Ma nemmeno lei, alla fine, ha voluto e potuto sacrificare tutte le soddisfazioni che provengono dai sentimenti e dalla vita privata. È vero, ha anteposto la carriera al diventare madre ma non per questo ha smesso di cercare il vero amore, non un principe azzurro che la portasse all’altare ma un compagno di vita che “non volesse cambiarla” e capace di sostenere la sua indipendenza ed energia. “Il matrimonio non è materia mia – ha raccontato alla rivista tedesca – ma il mio sogno è di avere quelle domeniche mattine, dove fai colazione e leggi il giornale in compagnia di qualcuno“.

Le rivelazioni della nonna della performing art, come lei stessa ama definirsi, fanno già discutere, e non solo riguardo al gender gap nel mondo dell’arte. D’altronde, l’artista che ha passato la vita a sfidare i limiti del corpo e della mente, scioccando ed ammaliando fans e critica con performance estreme e pericolose, non poteva certo aver paura di suscitare un altro scandalo. Abituata alle confessioni dal forte impatto emotivo, anche stavolta ha messo in primo piano la sincerità, ammettendo che la via seguita, per una come lei, era l’unica possibileNon riesco a pensare a una vita diversa da questa“.
E, in effetti, nemmeno noi riusciamo a immaginarla diversa da quella donna forte e ribelle, che acconcia i capelli con la treccia d’ordinanza e veste abiti color rosso sangue. L’ossessione per il plasma, protagonista di molte performance, è iniziata da bambina, quando soffriva di copiose emorragie notturne di origine psicosomatica. Cresciuta da genitori anaffettivi, dirigenti del partito di Tito, l’artista ha sviluppato un rapporto complicato anche con il sesso: famoso l’aneddoto di una prima volta vissuta deliberatamente senza amore, definita null’altro che un esperimento.

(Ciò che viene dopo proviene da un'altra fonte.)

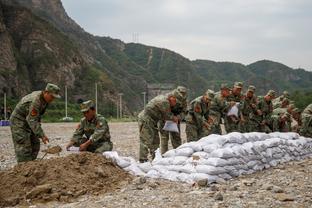 穆雷去年季后赛打湖人场均32.5分6.3板5.3助 投篮命中率52.7%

Da lì, Marina comincia a scindere il corpo dalle emozioni, giocando col suo “involucro” fino a metterlo in pericolo. Negli anni Settanta si susseguono le performance Rhythm 5, durante la quale si dà fuoco dentro ad una struttura a stella a cinque punte che richiama il partito di Tito, Rhythm 4, che la farà finire in ambulanza dopo lo svenimento provocato dall’ingestione dell’aria di un ventilatore e il noto episodio d’autolesionismo davanti al fotografo Thomas Lips, che la immortala completamente nuda mentre si taglia il ventre. Lei lo definirà un atto di amore e di abbandono.

Pochi anni dopo, sarà proprio l’amore a trasformare le sue esibizioni soliste in performance di coppia: Marina conosce Ulay, artista tedesco dall’aria efebica che, dal ’76 e per i successivi 12 anni, sarà il suo partner nella vita e nell’arte. Difficile dimenticare la loro prima esperienza estetica comune mentre, sulla Giudecca prima della Biennale, correvano nudi fino a scontrarsi, con un microfono che amplificava in modo ossessivo il rumore del contatto carnale; o, ancora, le 90 repliche di Nightsea Crossing in cui si fissavano per 7 ore, completamente immobili, nel periodo in cui praticavano astinenza sessuale. Lei lo amava così tanto da non riuscire a respirare e i critici li chiamavano la coppia invincibile dell’arte. Finché, un giorno, anche loro si sono lasciati, dicendosi addio dopo una camminata di 90 giorni sulla Grande Muraglia Cinese, ovviamente nel corso di una performance.
Da un nordico a un mediterraneo: l’altro grande amore della Abramovic, con la quale si sposa nel 2006, è “troppo giovane, troppo bello e troppo italiano per lei”. Passano sempre 12 anni e, di nuovo, l’idillio col giovane artista Paolo Canevari si conclude. Perché tutto è destinato a finire e, non a caso, Marina ha già programmato il suo funerale, dove sarà servita una torta con scala uno a uno del suo corpo da distribuire ai presenti.  A volte, però, le cose possono anche ritornare. A provarlo, la commovente performance svoltasi nel 2010 in occasione della retrospettiva a lei dedicata da parte del MoMA: qui, dopo aver condiviso un minuto di silenzio con molti sconosciuti, la Abramovic si è trovata inaspettatamente di fronte l’adorato Ulay, che non vedeva da 20 anni. Quando si dice fare della propria vita un’opera d’arte.